MassPRIM started investing in timberland in 2002 as one of the earliest institutional investors to embrace the asset class. Here Tim Schlitzer, director of real estate and timberland, tells Agri Investor where the fund is now.
Where and how does timberland fit in your portfolio?
We look at timberland as an income-generating strategy with a low correlation to stocks and fixed income and a high correlation to inflation. Timberland is its own asset class in our portfolio with a four percent asset allocation target. We target an eight percent nominal return.
How has the timberland investment market changed since you started investing in 2002?
The buyer pool has clearly increased and the type of buyer has also changed as a wider range of institutional investors come into the mix. With this the TIMO [timberland investment manager] universe has also increased.

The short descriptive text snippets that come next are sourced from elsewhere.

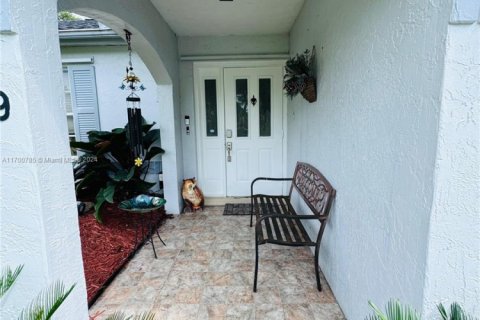 Villa ou maison à vendre à Port St. Lucie, Floride: 4 chambres № 1947714 - photo 4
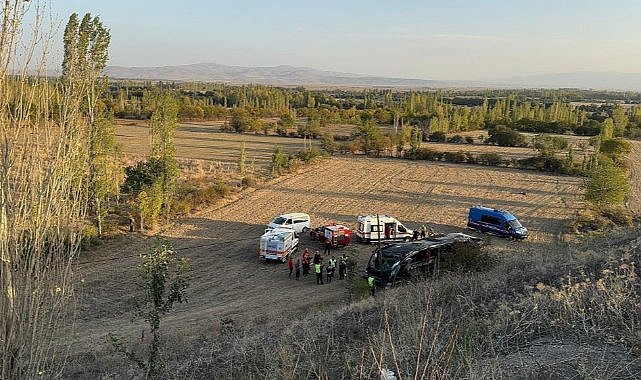 Yolcu otobüsü devrildi: Çok sayıda yaralı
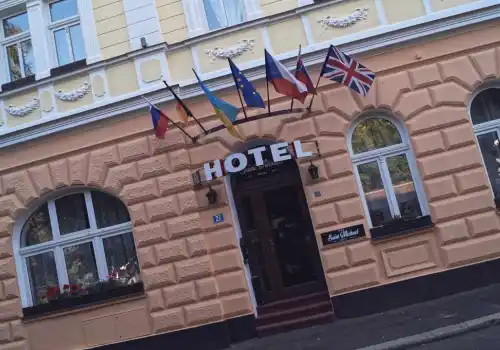Oтель St. Michael***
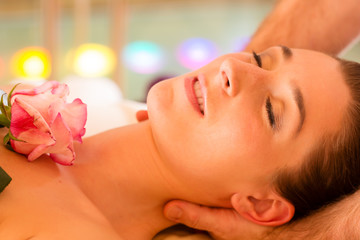 Obraz na płótnie Canvas Kobieta korzystających z masażu na głowie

How much of the four percent target allocation is currently deployed?
We have $1.4 billion in the asset class now which represents 2.5 percent of the total portfolio so we need to invest a further $470 million in the asset class to reach the target.
How long do you expect this to take?
There is limited supply in timberland so the infrequency of timberland transactions makes it hard to estimate when the allocation will be fully invested but it could take just one large deal to fill the allocation as we are open to buying very large tracts of land.

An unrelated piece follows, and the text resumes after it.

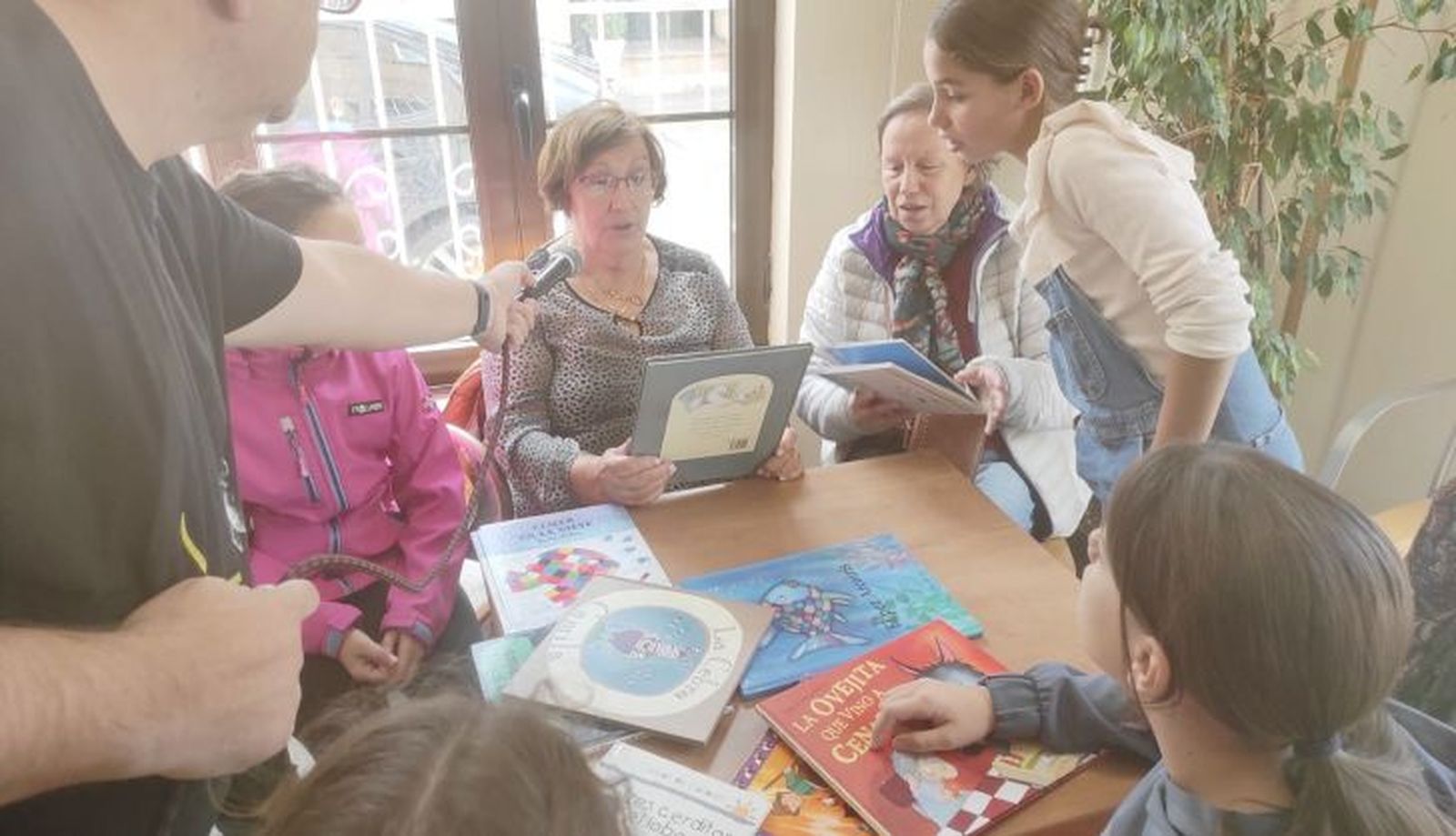 Actividad intergeneracional Semana del Libro Carbajosa (8)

What types of timber investments do you look for?
We prefer more mature timber properties that are in deeper markets with multiple potential buyers of the timber, multiple production facilities, exposure to export markets, a good diversification in the age of the trees, a good growing environment and good soil conditions.
Do you use external managers?
Currently both the Campbell Group in Oregon and Forest Investment Associates in Atlanta are our mandated managers. We are not looking to mandate any other firms this year although we always welcome conversation with the market.

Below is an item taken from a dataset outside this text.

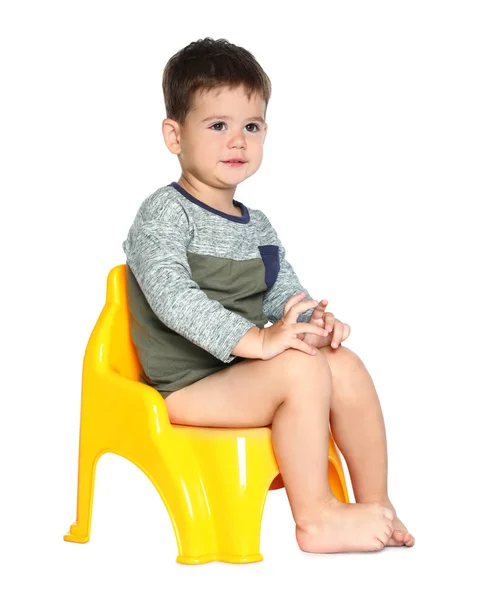 Retrato de niño sentado en el orinal sobre fondo blanco — Foto de Stock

What are the best attributes of a timberland management firm?
They have to have a deep understanding of forest management and ‘silviculture’ [the process forest managers use to control how forests develop]. They also need to have an understanding of the log markets to maximise timber sales and we look for firms with a deep understanding of and use of technology. We do not mind if the manager operates the forests themselves or outsources operations. We give managers the discretion to choose operating partners but we need to have a deep understanding of the process they use to select them.